Posted on November 7, 2010


I haven’t been blogging for a while, yet several interesting papers in recent CIKM conference in Toronto motivated me to write something here. While lots of papers make incremental contributions by introducing additional features to existing models or by applying existing technique to new domain, there are papers that seem to be ‘groundbreaking’ in that they provide a new perspective to known things.Here’s the first paper I’ll look at.

Reverted Indexing for Feedback and Expansion

This paper from FXPAL is interesting in that they tried to look at traditional query-document relationship from the opposite direction — documents retrieve (basis) queries instead of a query retrieving documents, as shown in following diagram:

In their model, basis queries, along with top documents form a reverted document.
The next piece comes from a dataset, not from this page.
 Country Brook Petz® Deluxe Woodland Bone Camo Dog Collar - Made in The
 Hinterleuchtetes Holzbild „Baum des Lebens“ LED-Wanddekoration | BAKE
These reverted documents are indexed in the same way as original documents are indexed, and we can apply all the statistics we know of in this reverted indexing model. (normalized document scores become TF, the sum of TFs per basis query becomes (reverted) document length, the number of reverted documents that contains each original document becomes IDF)

For evaluation, they use relevance feedback where a set of relevant documents are used as a (reverted) query to retrieve reverted documents (basis queries), which in turn are used for retrieving original documents as expansion terms along with original queries.

They show that expansion terms derived by reverted indexing is more selective (lower DF) compared to terms given by traditional relevance feedback methods. After the conference, William Weber raised a point on why this is the case, resulting in a thought-provoking discussion.

I believe the following factors contribute to the advantage of reverted indexing: 1) the existence of cut-off (only top 1000 documents are included in reverted document, so basis queries for which query documents are ranked low cannot be considered at all ) 2) the effect of document length normalization (basis queries with shorter docid lists are given priority) 3) document frequency (the query documents that are found in smaller number of basis queries have more impact). In contrast, traditional methods of term weighting for relevance feedback mostly considers only term frequency (e.g. relevance model).

While William’s point on why it works was interesting, I’m also interested in its applications. I remember that Jeremy mentioned during (or after) the talk that they expect reverted indexing to be useful for interactive IR, which makes sense given their impressive results on relevance feedback experiment.

In particular, I’m interested in seeing how it may work when applied to the document similarity search task, which is a natural fit for reverted indexing since we look for relevant documents given a document in similarity search task. I can imagine it working better than traditional approach of using the cosine similarity with TF-IDF term weighting.

As I presented in my CIKM paper, this similarity-based browsing can be a good model for a user to interact with personal documents, and reverted indexing may improve its effectiveness further, especially considering that there exist many named entities which can be used as basis queries in personal documents.

In summary, I believe that more interesting things are still ahead, since reverted indexing is a general framework for retrieving (basis) queries using (relevant) documents and there are a lot of parameters in this model — basis query, original retrieval model, retrieval score normalization method and cutoff in building reverted document, and so on. In fact, any method for ranking document can be used here, as they suggested using click-through data.

Posted in: IR